Il pensiero del primo giorno dell’anno, che dodici mesi fa
dedicai all’allegria, stavolta è riservato alla speranza, che sta, come in un
sandwich, stretta tra due sentimenti contrastanti: l’ottimismo, per l’appunto, e
il pessimismo.
La Speranza, nella Iconologia di Cesare Ripa |
Ecco,
perciò, il ricorso alla speranza che, pure, a sentire Albert Camus, “al contrario di
quanto si crede, equivale alla rassegnazione”. E vivere, aggiunge lo scrittore
francese, “non è rassegnarsi”. Giusto. Anche un nostro proverbio –
lo abbiamo spesso sentito ripetere dai genitori e dai nonni – ammonisce: “chi di
speranza vive disperato muore”.
Per Aristotele, la speranza è “un sogno fatto da svegli”. Solo che i sogni sono fotosensibili, svaniscono alla luce del
giorno.
Mentre mi tormento la mente con citazioni letterarie e pensieri per nulla rasserenanti,
mi chiedo che senso abbia affidarsi alla speranza in una situazione così compromessa.

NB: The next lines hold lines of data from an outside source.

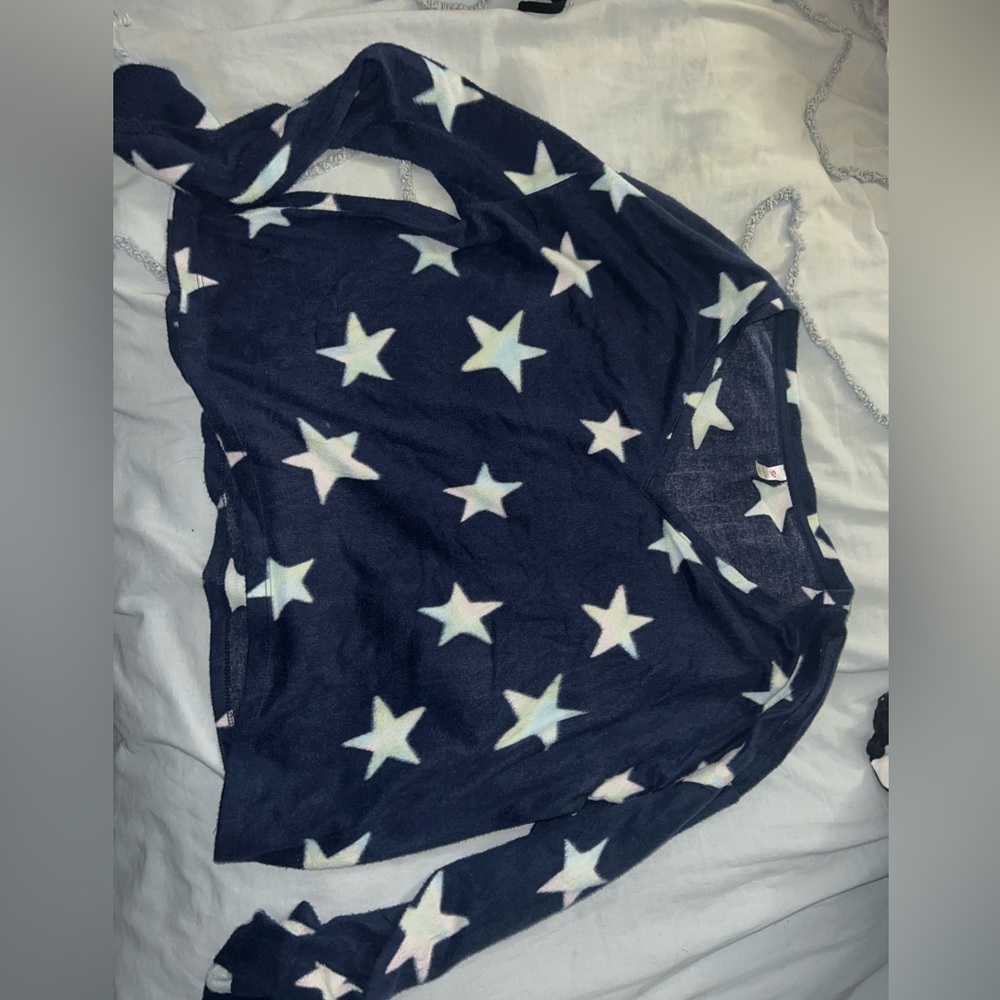 target cozy pj set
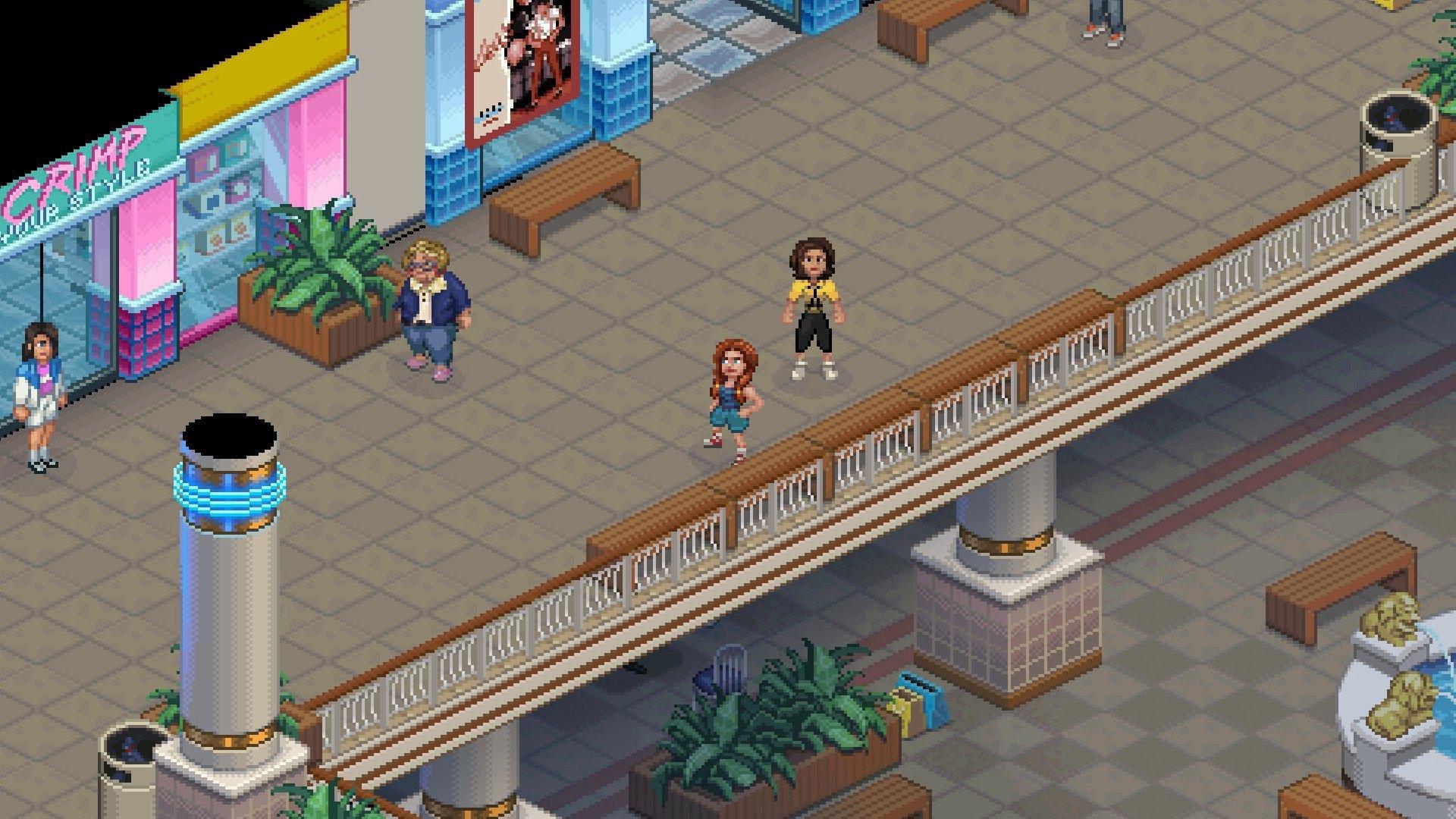 Screen Shot image 5 Stranger Things 3: The Game ستيم كود رقمي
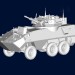 Trumpeter 01501 Canadian AVGP Cougar (Early) 1/35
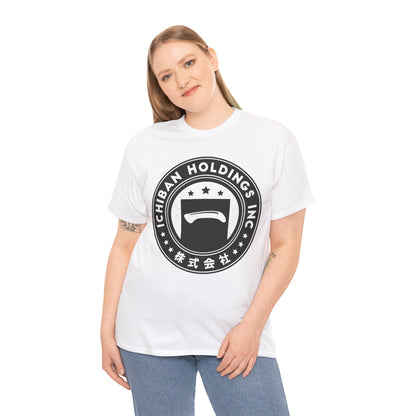 Ichiban Holdings Emblem Unisex T-Shirt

La risposta la trovo in Georges Bernanos che scrive: “la speranza è una
virtù, virtus, una determinazione eroica dell’anima. La più alta forma di
speranza è la disperazione vinta”.
Faccio mia anche la frase di Cicerone: “Dum vita est, spes
est” (finché c’è vita c’è speranza).
“La speranza - leggo poi in una riflessione del cardinale Carlo Maria Martini - è un fenomeno universale, che si trova ovunque c'è
umanità, un fenomeno costituito da tre elementi: la tensione piena di attesa
verso il futuro; la fiducia che tale futuro si realizzerà; la pazienza e la
perseveranza nell'attenderlo”. Credo che sia la definizione più appropriata.

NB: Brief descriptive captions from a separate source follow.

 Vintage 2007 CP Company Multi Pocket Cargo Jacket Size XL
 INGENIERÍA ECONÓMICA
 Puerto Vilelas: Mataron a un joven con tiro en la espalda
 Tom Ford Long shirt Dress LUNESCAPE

E poiché, in fondo, come dicevano gli antichi romani, "homo quisque faber ipse fortunae
suae" (ogni uomo è artefice della propria fortuna), non mi resta che... sperare in quella x appena percettibile, tracciata sulla scheda tra scetticismo, dubbio e diffidenza, nel segreto della cabina elettorale, considerato che di qui a due mesi, volenti o nolenti, saremo noi stessi gli artefici del nostro avvenire, almeno di quello più immediato.